Ok, so maybe the Destroyer’s end has been overshadowed a little by transmogrification, carnival games, and players whining/arguing about LFR’s merits… but I think I can be at peace with this ending, just like the Aspects are. In death, in loss, there is new life, new hope. And sometimes, we just have to live in the present instead of worrying about the future, about whether this, that, and the other thing will make people leave for the Star Wars MMO or whatever.
"But the only true reality was now."
Instead of worrying about what others are doing in-game, or how it will impact you, you should take a moment to just enjoy what you are doing now. You may have a goal you wish to meet; don’t worry about how you might not have much left to do after you’ve accomplished it. Just enjoy how you’re having fun now. Quit lamenting about how much “better” the game was back in (insert year here). Stop crying that they’ve “ruined your game” with various changes. Don’t fill your head with worst-case scenarios about the next expansion. (Pandas aren’t the end of the world, ya big babies. :P)
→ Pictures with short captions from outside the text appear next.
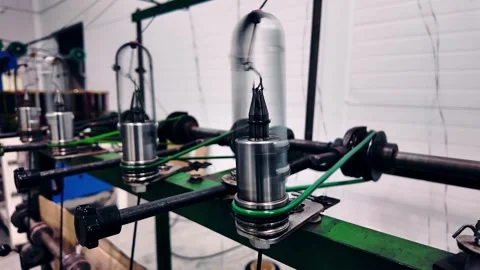 Automated Textile Loom Spinning Threads in High-Speed Factory Production Stock Footage 323611209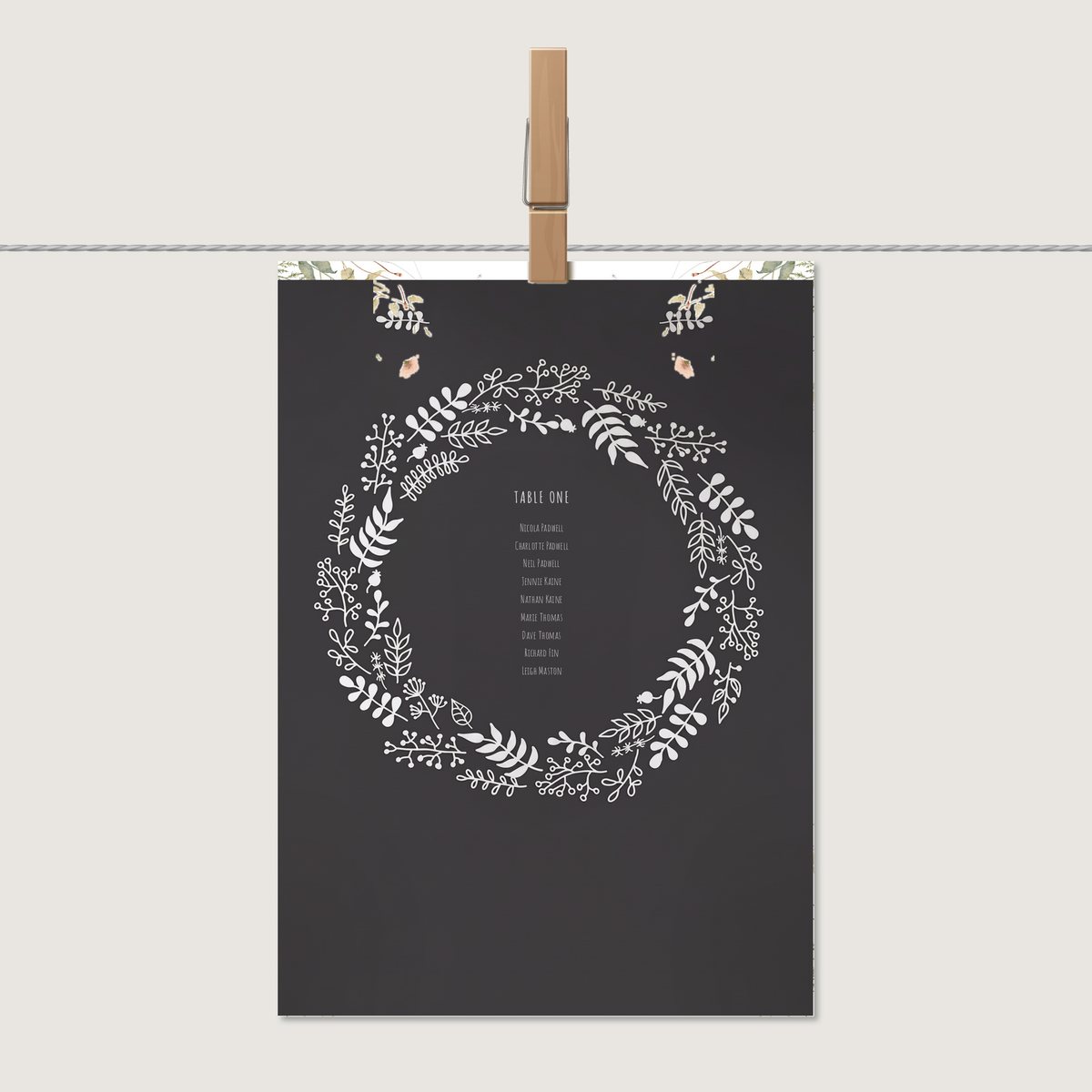 Chalk Wild Flower Table Number or Name Card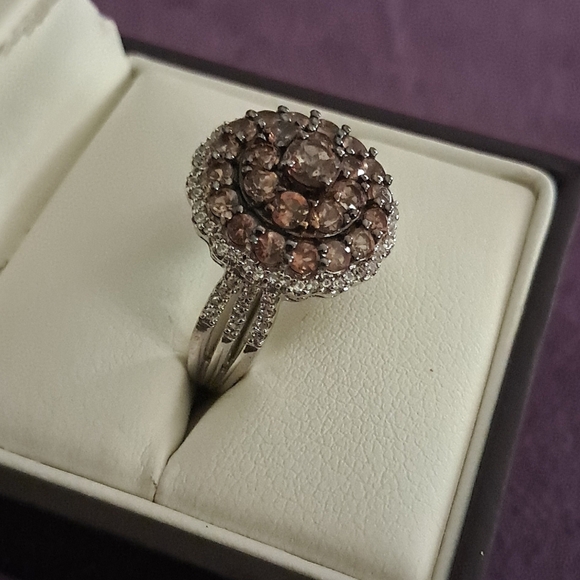 Natural Andalusite & Natural White Zircon Cluster Style Ring - Picture 2 of 7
Life is all about change. We as humans are comfortable with familiar routines and instinctively hate change, but it’s essential to development—both in real life, and in our beloved fantasy worlds. We can’t become better people if we don’t face and overcome new challenges, and we can’t be better players, better storytellers, better online friends in Azeroth if WoW doesn’t change. That’s the nature of an MMO… a good one, anyway. It evolves. It adapts to the times. It changes to keep us on our toes.
We are meant to laugh and cry about these changes, meant to tackle them together with friends, and meant to discuss them with others in the community. But we shouldn’t lose sight of the fact that games are meant to bring us joy. Take joy from the game you play. And if you can’t, then perhaps it’s time to take a break, or to move on.
For me, WoW now has its real spark back because of these new dungeons. It also added a fun other dimension to the game in transmogrification, and revamping the Darkmoon Faire. What a fun way to divert my attention from heroics when it gets too repetitive. Perhaps in time, I’ll get to try out the LFR finder and even be able to kill Deathwing before expansion’s end. Who knows? I just know that when I finally do, I’ll be proud and happy. Doesn’t matter when I finally see his demise, or that others have already seen it before me. I was happy when I beat the Lich King, long after the fact, so I think I’ll be happy about this too. ;)
I’m looking forward to seeing my beloved Cerylia becoming the hero I know she deserves to be. I hope all of you can take just as much hope and enjoyment from this patch as well, in your own way.
Thanks Blizzard, for making Patch 4.3 a fun one.
“His mind was calm and open, holding something that it should not be able to hold for more than a moment—but he knew a moment was all that was needed. All that was ever needed.”
Golden, Christie. Thrall: Twilight of the Aspects. New York: Gallery Books. 2011.